Сначала была железная дорога до Вологды. Потом — медленная Сухона. Затем тарантас, бесконечные леса, зыбкие болота, ночной холод среди белого лета и странное чувство, будто привычный мир растворяется, как берег в тумане.
Позже он напишет: «Я ехал словно на другую планету».
Но тогда, в дороге, двадцатитрёхлетний Василий ещё не знал, что едет не к зырянам. Он ехал к самому себе.
Провожатого ему дали в Яренске.
Старик появился утром у почтовой станции — высокий, худой, в вытертом синем кафтане. Лицо было тёмное, словно высушенное северным ветром, а глаза — светлые и спокойные, как зимнее небо.
— Савватей, — сказал он, не протягивая руки. — Дальше одному не надо. Лес любит кружить.
Позже Кандинский не раз пытался вспомнить, кто именно нанял старика. Иногда ему казалось, что Савватей появился просто из дороги.
Они ехали молча часами. Север становился всё более странным. Леса здесь не росли — стояли. Болота — дышали. Тишина — слушала.
К вечеру старик вдруг спросил:
— Ты зачем к зырянам едешь?
Кандинский оживился.
— Я изучаю народную культуру. Поверья, символы культуры.
Савватей кивнул, будто услышал что-то давно известное.
— Значит, за знаками.
— Можно и так сказать.
— А знаки тебе зачем?
— Чтобы найти смысл.
— Через знаки смысл не понимают.
— А через что?
— Через то, что между ними.
Ночевали в избе под Усть-Вымью. Кандинский долго не мог уснуть.
В избе — красные, чёрные, охряные круги на прялках. Синие линии на сундуках. Треугольники над окнами.
Дерево будто разговаривало узорами.
Но главное — пространство. Василий внезапно почувствовал, что находится не внутри комнаты, а внутри изображения. Будто стены не ограничивают мир, а продолжают его. Позже, спустя много лет, он скажет: «Я научился не смотреть на картину со стороны, а жить в ней».

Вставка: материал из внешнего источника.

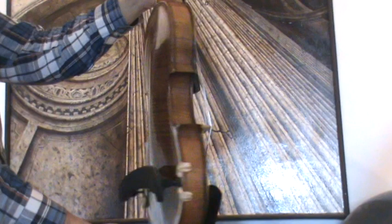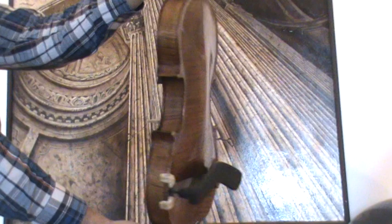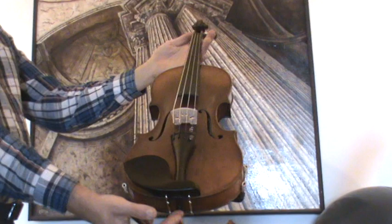The viola shows an intensely flamed two-piece maple back; ribs and neck are from the same wood, and a finely grained spruce front.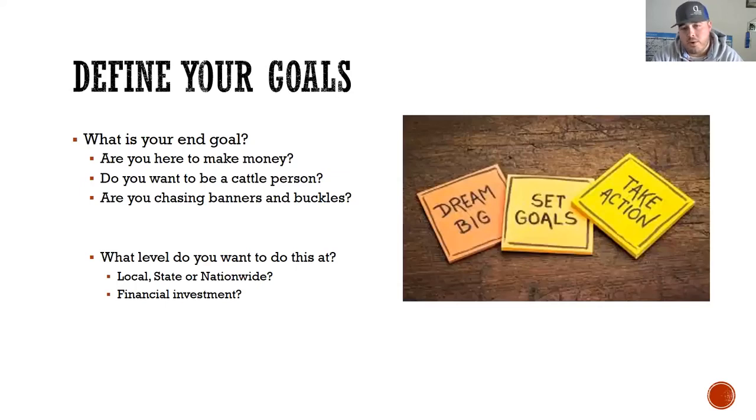That is defining goals. You need to know what your end goal is. Are you wanting to buy a steer to try to make money on? Do you want to be a cattle person? That's the next question. If you're looking at breeding stock, there's definitely some potential to take those home and start your own cow herd — maybe you want to improve the cow herd you already have. But I think that's a nice question: do you want to be a cattle person? If you do, maybe look at the breeding side of things.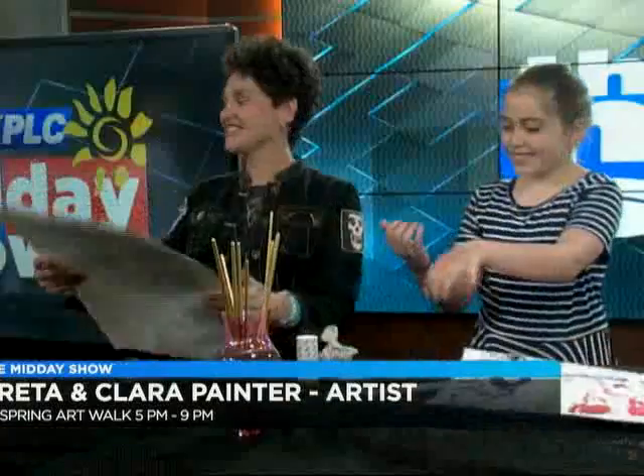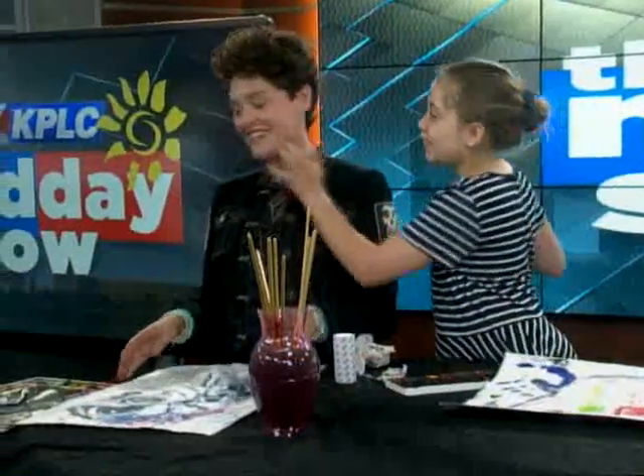Great work. Absolutely beautiful. Thank you all so much for coming by and letting us share in your process today. Those are spectacular. A little paint on the face — yeah, of course!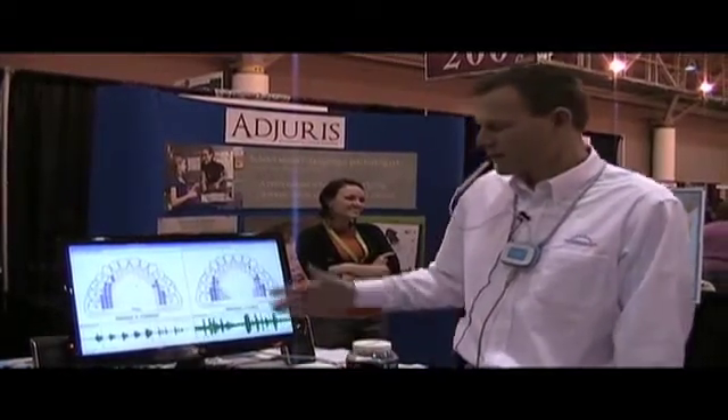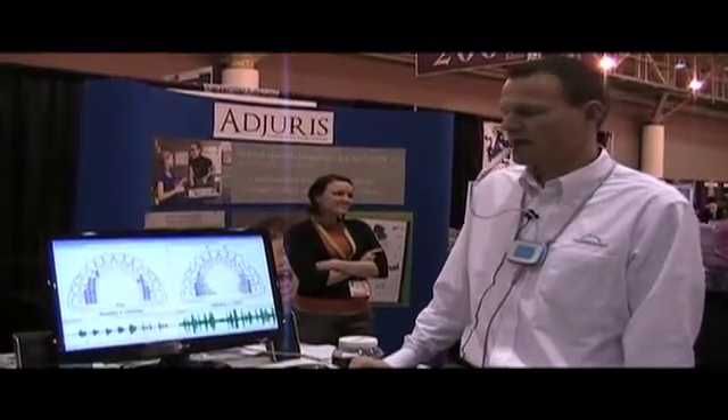The palatometer is a device that aids the speech pathologist in demonstrating what's going on inside the mouth — specifically, where the tongue is touching the palate. As you can see in the display here, the blue dots represent what's going on inside of my mouth.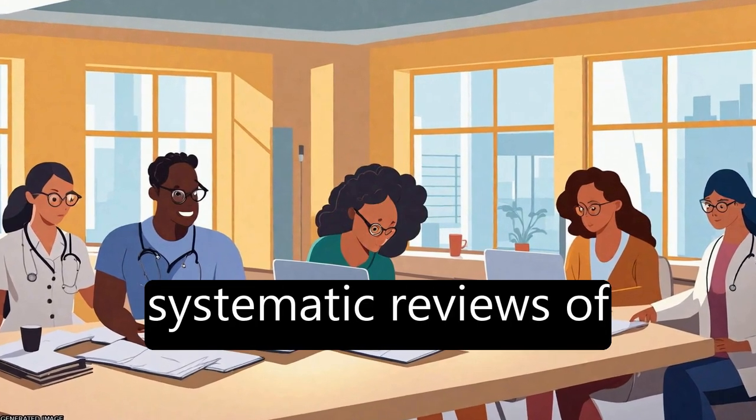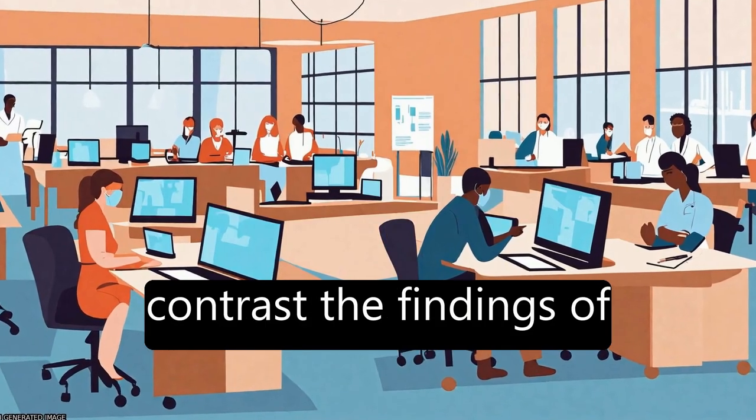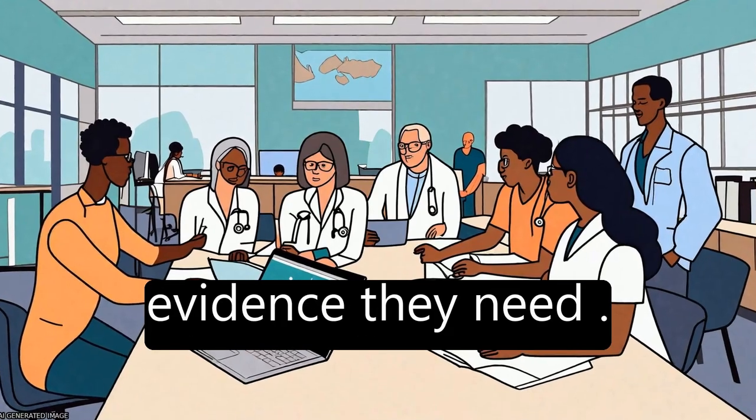To address this issue, systematic reviews of reviews have been developed to compare and contrast the findings of separate reviews, providing clinical decision-makers with the evidence they need.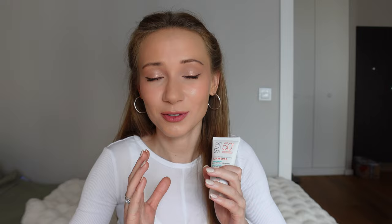One last thing about SVR tinted sunscreen: it has niacinamide in its ingredients list, and niacinamide is really good for your skin. It is an active ingredient that helps to improve your skin tone, tightens your skin, and minimizes the size of your pores — it's just full of goodness for your skin. The price of this product here in Europe is about 20 euro.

Утром Савватей сидел у костра и смотрел на солнце.
— У вас солнце рисуют простым кругом, причем разного цвета? — спросил Кандинский.
— А чем его ещё рисовать?
— В Европе солнце — это свет, перспектива, объём…
Старик усмехнулся.
— Нет никакого объёма.
— Как это?
— Человек думает, что мир глубокий потому, что глаз так видит. А мир не глубокий. Мир круглый.
— Что значит — круглый?
Старик взял палку и нарисовал на песке круг.
— Вот жизнь.
Рядом — второй.
— Вот смерть.
Потом третий.
— А это что? — спросил Кандинский.
Савватей поднял глаза:
— То, куда человек идёт, если научится различать.
— Различать что?
— Где мир живой, а где уже только порядок.
После Усть-Кулома дороги стали тяжелее.
Лошади вязли, колёса скрипели, ночи холодели.
Разговоры становились длиннее. Савватей рассказывал о чуди. О народе, который ушёл под землю, а потому что люди перестали слышать лес.
— Они думали, что всё можно устроить правильно, — говорил он. — А когда всё становится правильным, дух уходит.
— «Дух» в смысле душа?
— Можно и так сказать. Скорее, это ошибка, без которой человек не человек.
Они ехали через длинный сосновый бор, и Савватей спросил:
— Ты говорил, что юрист?
— Да.
— Значит, любишь порядок.
— Закон необходим.
— Необходим, — согласился старик. — Но закон хочет прямой линии.
Он провёл рукой по воздуху.
— А жизнь всегда идёт кругом.
Кандинский задумался. Весь мир его университетской молодости был построен на ясности. Причина, следствие, логика, форма. Но здесь, среди северных лесов, он начал думать о том, что главное невозможно объяснить прямой линией.
В Шойна-яге Савватей показал ему старое капище. Почти ничего не осталось: несколько камней, почерневшее дерево, следы круга в земле.
— И это всё? — разочарованно спросил Кандинский.
— А тебе чего надо было?
— Тайны. Древности. Артефакты.
Старик посмотрел на него почти с жалостью.
— Другой мир не в капищах.
— А где?
Савватей коснулся груди Кандинского пальцем.
— Здесь. Когда человек перестаёт видеть только предметы.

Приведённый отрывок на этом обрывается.